Another update to talk my own book on my current personal positions and the why I hold them. I have dropped my shorts principally due to miserable ETF tracking errors and am now wholly long some select stocks.
SCOP: Finally Copper sold off somewhat to around $3.30 and given my dim view of the appalling tracking error on these ETFs I sold my positions around the $3.30-3.40 mark for a net of commissions return of 12%. Not a bad show but it should have been more like 20% if I could actually own the futures or even just short the long Copper ETF “COPA.” But alas. Interestingly being short a commodity can never be a long term position since unlike a bad or fraudulent stock the price is highly unlikely to ever reach remotely zero. So clearly I would have done myself favors selling this back in October during the initial selloff but at least I got out with a pleasant gain.

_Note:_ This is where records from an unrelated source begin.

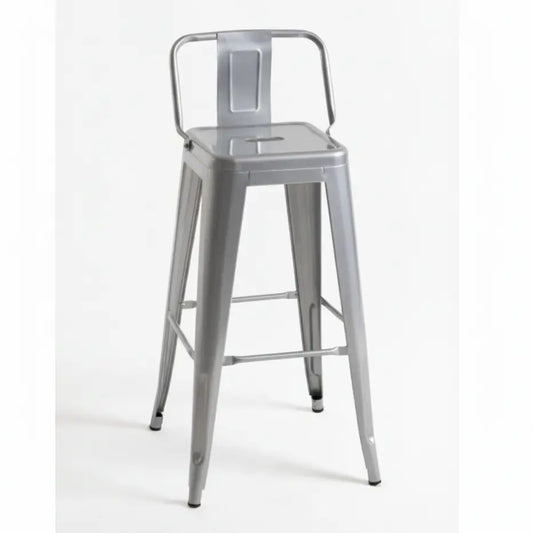 Chaise Haute Tolix Grise fond blanc sans ombre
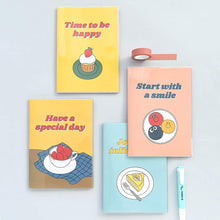 Load image into Gallery viewer, Monolike A5 Haru Free Notebook, Fall in newtro B 4p SET - Blank Notebook, PVC Cover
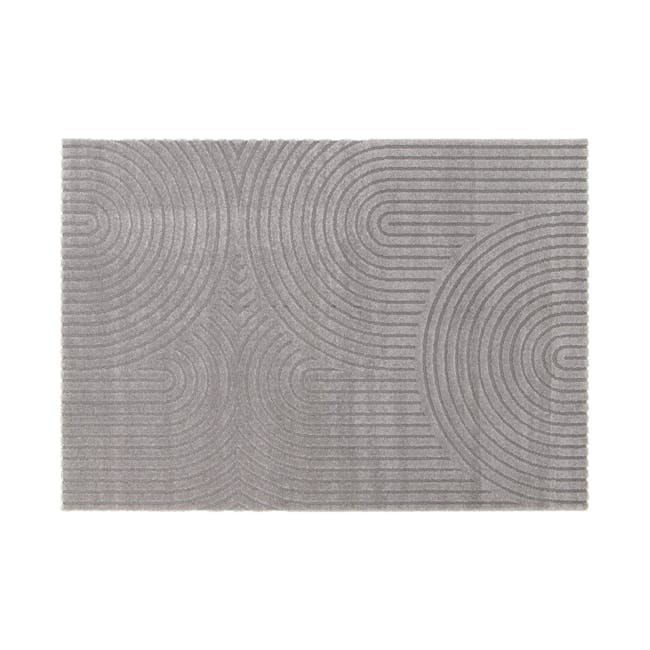 Cocoon High Pile Rug - Grey Arches (2 Sizes) - 0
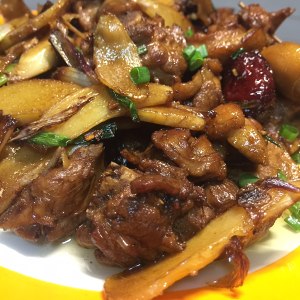 Of old go with rice child the practice measure of ginger stew duck 6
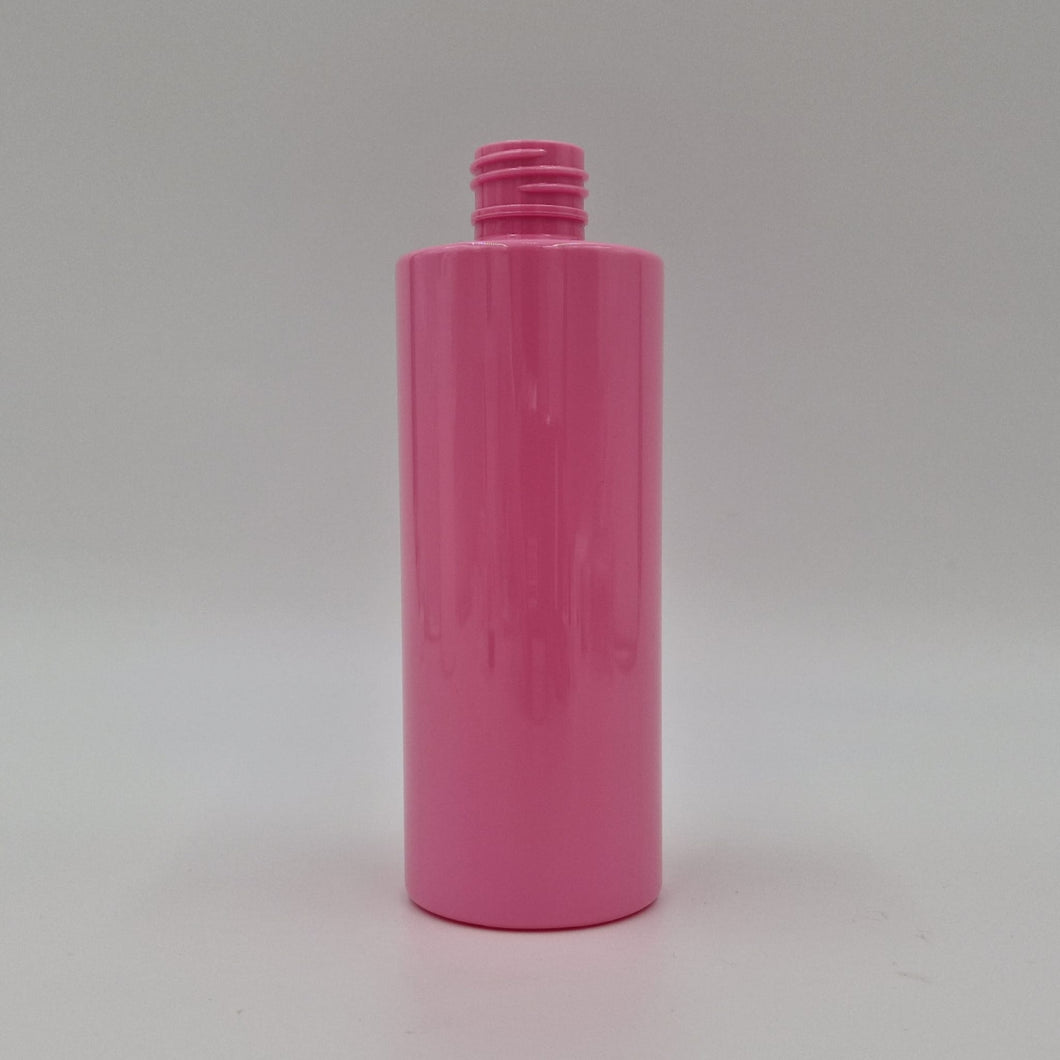 250ML PINK PET CYLINDRICAL 24MM 410 THREAD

SAP3: I also closed this one up just 2% net of commissions again tracking error killed the trade as the raw position should have returned around 12% looking at the currency spot rates. Still a lesson learned there.
SBRY: I topped up some SBRY this month as the performance continues to be pretty weak and the dividend continues to look attractive. Sainsburys is way ahead of Tesco in terms of store quality and home delivery and I expect home delivery to be the future for the industry the key is making it profitable something that Ocado despite their great service and platform have failed to achieve.
Pandora A/S: I am still holding onto the remaining shares to see how the business pans out longer term. I think 10% dividend yield looks good although the stock has come off the boil since January and now trades around the 60Dkk mark.
RSA: I topped up some more RSA lately due to the healthy dividend and low exposure to European sovereign debt. This stock just looks cheap to me as it’s a good franchise, internationally diversified and it throws off cash. Risks for this are obvious; it is a european financial so could get blown around by further chatter regarding the glacial unfolding of the euro area collapse. It is also a global insurer so all kinds of catastrophes pose a risk to medium term underwriting results.
BBd/B: I purchased a position in Bombardier principally on valuation grounds; its cheap and its been underperfoming. 9x forward P/E seems cheap compared to GE and Siemens although the company has about half its earnings coming from Europe. Bombardier seems like a solid business operationally with a relatively low financial leverage. Clearly the European slowdown will effect sales for public transport but if they get a major airline order for the C series jets this could be a catalyst to unlock some value much as news of the Netjets order for smaller jets did over the past month. Some international diversification into CAD is also welcome.
Caveat: Clearly I have a financial interest in these investments and this post relates solely to my personal investment positions. It is in no way a solicitation to buy or sell these investments nor does it constitute advice to do so.